**WHAT IS NEEDED**.
Pictures do not belong in the copy; restate the records below word for word.

====================

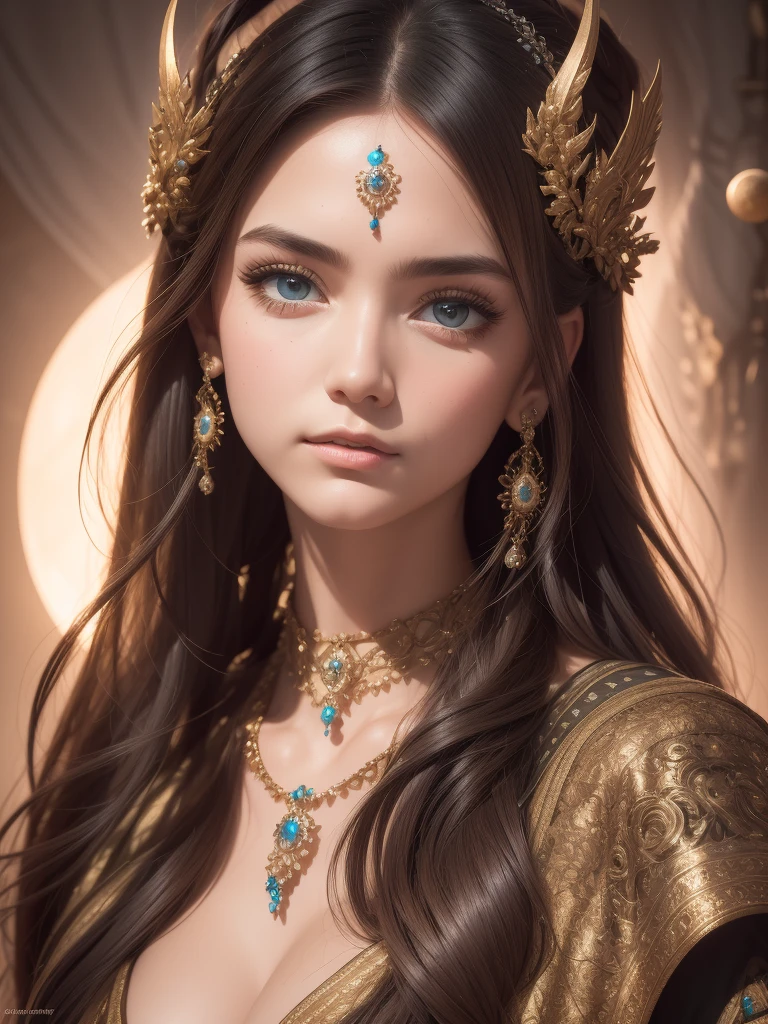 （Best quality，Ultra - details，best illustration，best shadow，the masterpiece，a high resolution，Professional illustrations，famous works of art），detailed eyes，beautiful eyes，Cleavage close up，Sci-fi，colored sclera，robot eyes，marks on the face，Tattooed with，（fractalized，fractal eyes），big eyes，Eyes wide open，（eye focus），focus on the face，cosmic eyes，cosmic eyes，Close-up of a metal sculpture of a woman with the moon in her hair，welcome。Extremely high detail，3D Portrait Goddesses，Extremely detailed depictions of the goddess，stunning portrait of a goddess，Side image of the goddess，Portrait of a beautiful goddess，Full length portrait of the goddess.，The goddess Hekta，Portrait of the Scandinavian moon goddess，Goddess of space and time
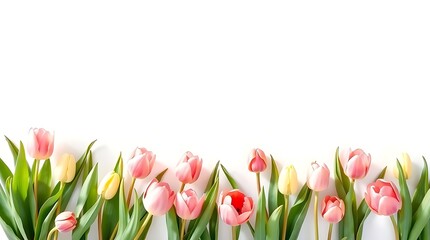 Fototapeta premium Pink Tulip Flowers Border Isolated on White Background – Spring Floral Banner with Copy Space
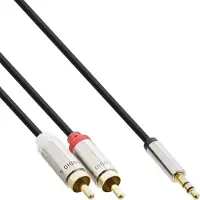 InLine Slim Audio Cable 3.5mm mâle à 2x RCA mâle 3m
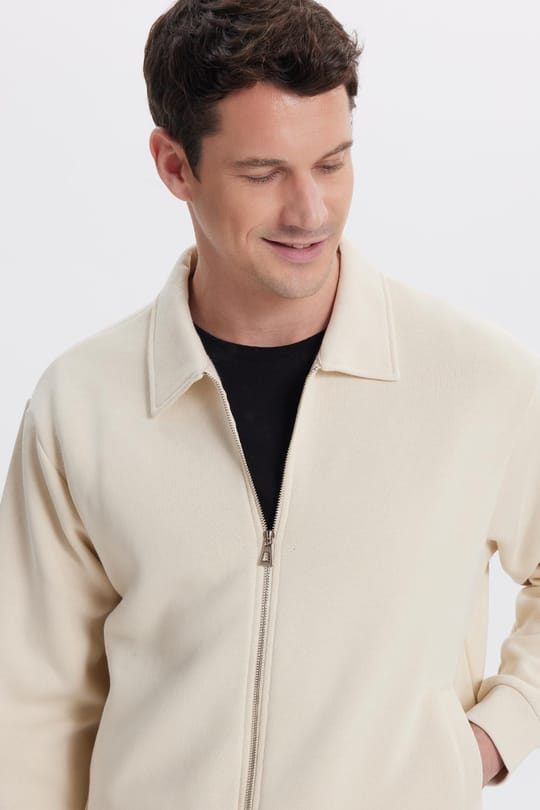 Unisex Relax Fit Rahat Kesim Pamuklu İç Polarlı Fermuarlı Bej Polo Yaka Flato Cepli Sweatshirt Hırka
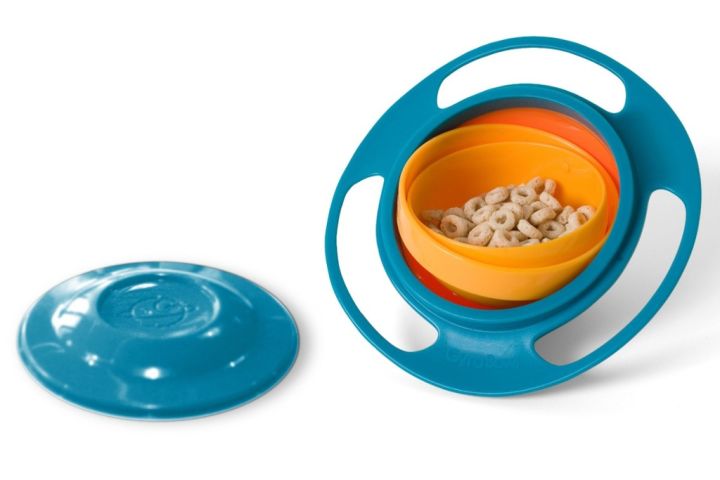 Gyro Bowl 360 Dgree Rotation Spill Resistant Gyroscopic Bowl with Lid ...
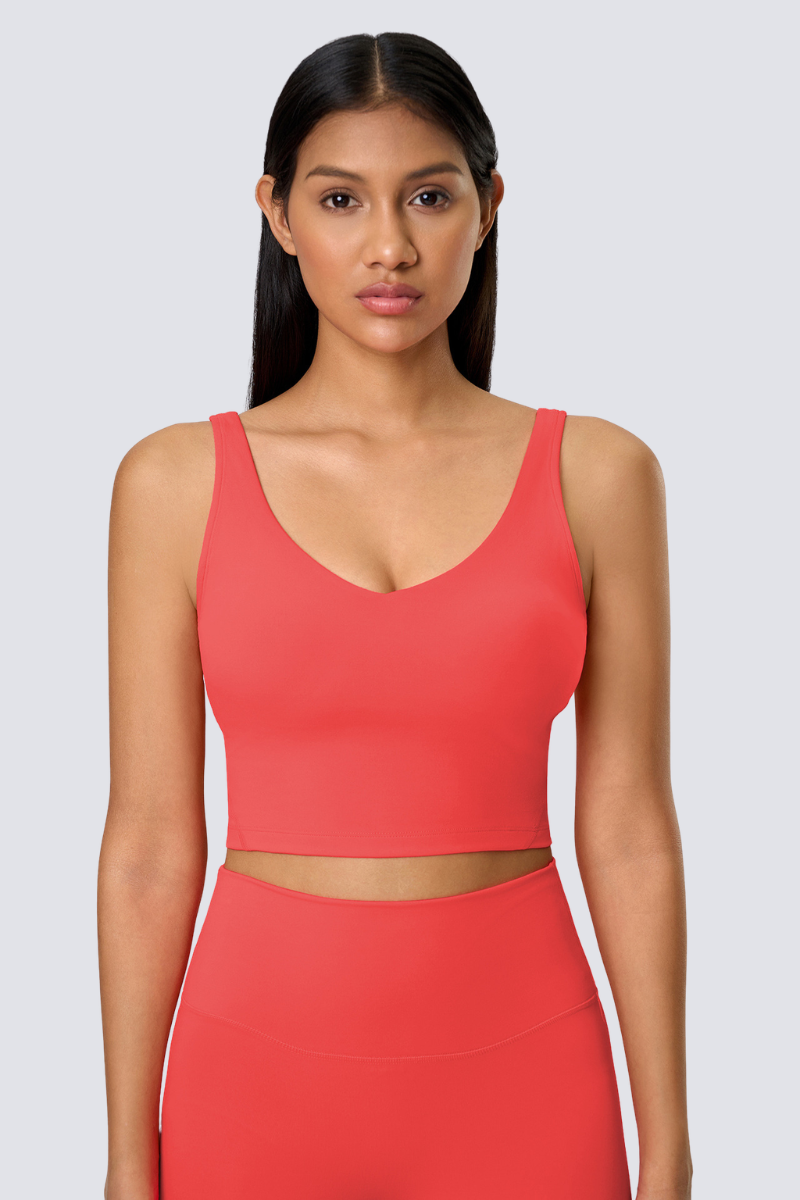 Women's V-Neck Wide Strap Beautiful Back Sports Yoga Bra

====================

**TASK ANSWER**.
 （Best quality，Ultra - details，best illustration，best shadow，the masterpiece，a high resolution，Professional illustrations，famous works of art），detailed eyes，beautiful eyes，Cleavage close up，Sci-fi，colored sclera，robot eyes，marks on the face，Tattooed with，（fractalized，fractal eyes），big eyes，Eyes wide open，（eye focus），focus on the face，cosmic eyes，cosmic eyes，Close-up of a metal sculpture of a woman with the moon in her hair，welcome。Extremely high detail，3D Portrait Goddesses，Extremely detailed depictions of the goddess，stunning portrait of a goddess，Side image of the goddess，Portrait of a beautiful goddess，Full length portrait of the goddess.，The goddess Hekta，Portrait of the Scandinavian moon goddess，Goddess of space and time
 Fototapeta premium Pink Tulip Flowers Border Isolated on White Background – Spring Floral Banner with Copy Space
 InLine Slim Audio Cable 3.5mm mâle à 2x RCA mâle 3m
 Unisex Relax Fit Rahat Kesim Pamuklu İç Polarlı Fermuarlı Bej Polo Yaka Flato Cepli Sweatshirt Hırka
 Gyro Bowl 360 Dgree Rotation Spill Resistant Gyroscopic Bowl with Lid ...
 Women's V-Neck Wide Strap Beautiful Back Sports Yoga Bra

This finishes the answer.